But though purchases are often made at random, no such hardship is inseparably connected with the thing itself. Judicious inquiry or choice will find several foundations, more or less safe, from which the settler may gain information.

The first and most general, as also the easiest of all, is the knowledge of the district and the state of the plantations around the settlement in view. It is well known that in the same parish, and even on the same estate, the lands are of great variety, both in point of the intrinsic quality of soil, and

as affected by situation. However, when the adjoining estates exhibit plantations luxuriant, productive, and lasting, it is an encouraging prognostic for the planter who fixes in the neighbourhood.

In the next place, information may be gathered from general experience; for instance, it is a fact beyond contradiction, that the low mountains, and those near to the champaign country, are by far less proper for the production of coffee than those in high and interior situations. The former are hot, often dry, and sometimes, which is still worse, liable to the parching, destructive air of the sea; and it is known that coffee-trees delight in a cool climate, in an open or permeable virgin soil, frequently watered by rains, the defect of which no other watering (though ever so practicable and carefully executed) can properly supply. On the first or lower mountains, the soil is in general light and shallow; the tree of course is short-lived, both because its perpendicular root soon meets with the gravel-stone, and because the vegetative surface is washed away in a short time, by the combined effect of weeding, of rain, and declivity of descent. The crops, in such cases, must be kept up by making new plantations every year; and in this manner, the whole land will be worn out in a short time, if of moderate extent. The crops also are rapid; and, in such situations, more hands and more platforms are required for the harvest.

On the contrary, the climate is cooler on the high mountains; the soil is always

deeper and more firm; rain is more frequent; in general, the declivity is less; the time of crop is longer, and more convenient; the trees, in short, are more lasting: all this is seen on the first appearance. A fuller and more luxuriant vegetation, majestic trees, great intricacy of underwood, and myriads of tropical creeping plants, proclaim it at once. You see that the powers of greater coolness have accumulated for ages, with unbounded profusion, the spoils of nature, of which the genial mould is formed, being less rapidly dissipated by the effects of the sun on the higher mountains than on the scorched hills below.

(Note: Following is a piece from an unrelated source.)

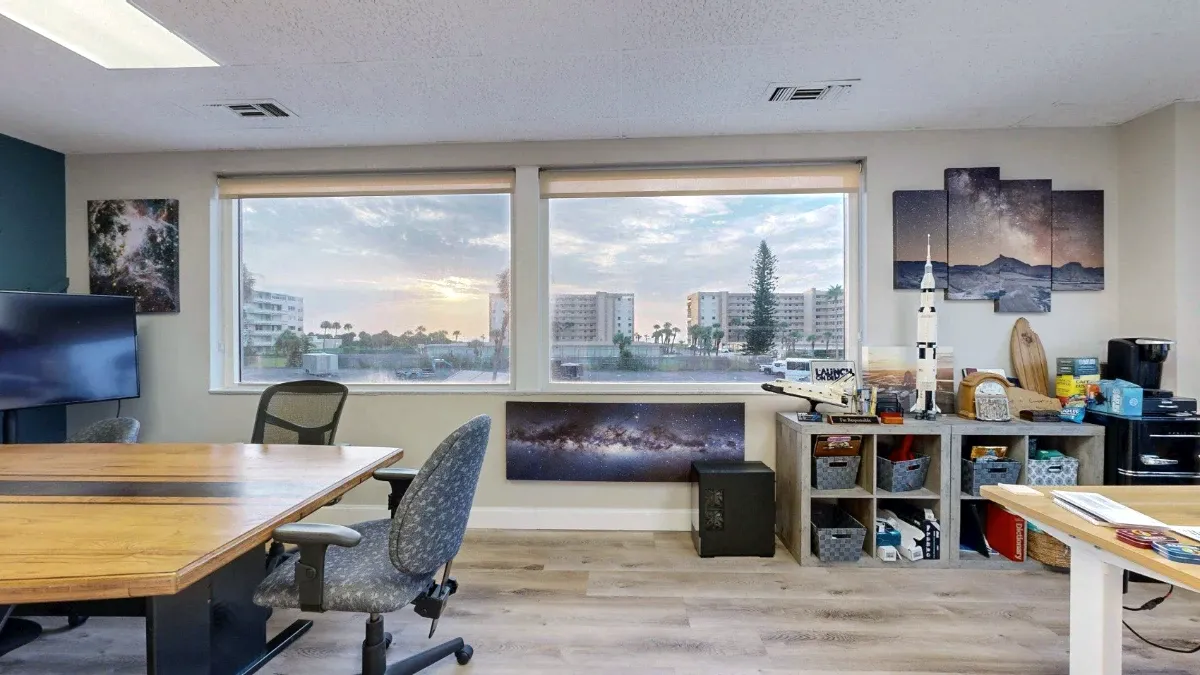 Two large windows above galaxy artwork in office 203, with meeting chairs at left and cubby shelves with models at right.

I do not pretend to say that lands of the first kind are destitute of advantages, specious at first sight, and too apt to ensnare the inexperienced people of the towns. First there is an easier access and easier means of carriage; besides this convenience, on the lower mountains, the trees are planted nearer, because they do not arrive to size. Thus, instead of 2,500 in a square, perhaps there may be 8,000; and thus the same extent, by its greater number of trees, will yield as much as in a better soil; but if the season be dry, the grain will be blasted or empty, mildewed or scorched; and, in the latter case, the ends of the branches will wither. Lastly, the trees will be of short duration a great extent of land will be necessary to supply the plantations every year, and work will be gradually more distant and inconvenient.

Upon the whole, personal convenience must be sacrificed; the highest and the remotest lands are preferable, notwithstanding the trouble and fatigue of climbing mountains on horseback, and the expense of having a great number of mules for carriage.

The soil on the mountains consists generally of a bed of mould, more or less deep; but which ought not to be less than four or five feet. It lies upon quick-rock, or upon a kind of soft stone (tuff) which seems to be formed from clay.

The softest, that is the most friable earth, is certainly the best of all, because it is the most permeable both to water and to the roots of plants, if (what is seldom the case) the declivity be gentle, so that it be in no danger of being washed away. But in general, in steep grounds, a firm but not clayey earth, friable by hard pressure, mixed with a proportion of sand, or gravel, or small stones, through which water may find an easy way, is the most desirable.

The native plants and native trees furnish a sure indication. Where vegetation is profuse, the trees large, high, thick, and numerous, and the underwood and creeping plants luxuriant, the ground cannot fail to be rich. This, however, admits of exception. Mahogany, all the very hard or resin

trees, and even the great palm tree,* when in abundance, are an evidence of dry and sometimes of barren ground. But the several kinds of cedar, the other trees of a soft contexture, and of white wood, as also a kind of lesser palm tree (called here chaplet), are an evidence of fresh and good soil. But some depth is always required.

Some grounds are, in a great measure, covered with white limestone, so as to have, from a distance, the appearance of a wilderness of snow; but the stone is intermixed with a very vegetative mould. Planting is more difficult in such places, symmetry less regular. But the stones prevent the mould from being washed away; and if the climate is rainy, the trees grow remarkably fine, productive, and lasting.

The colour of the ground is of no great consequence; though it must be owned, that such as is somewhat reddish has, oftener than others, the principal desirable qualities. The climate of the mountains, though very rainy, is healthy.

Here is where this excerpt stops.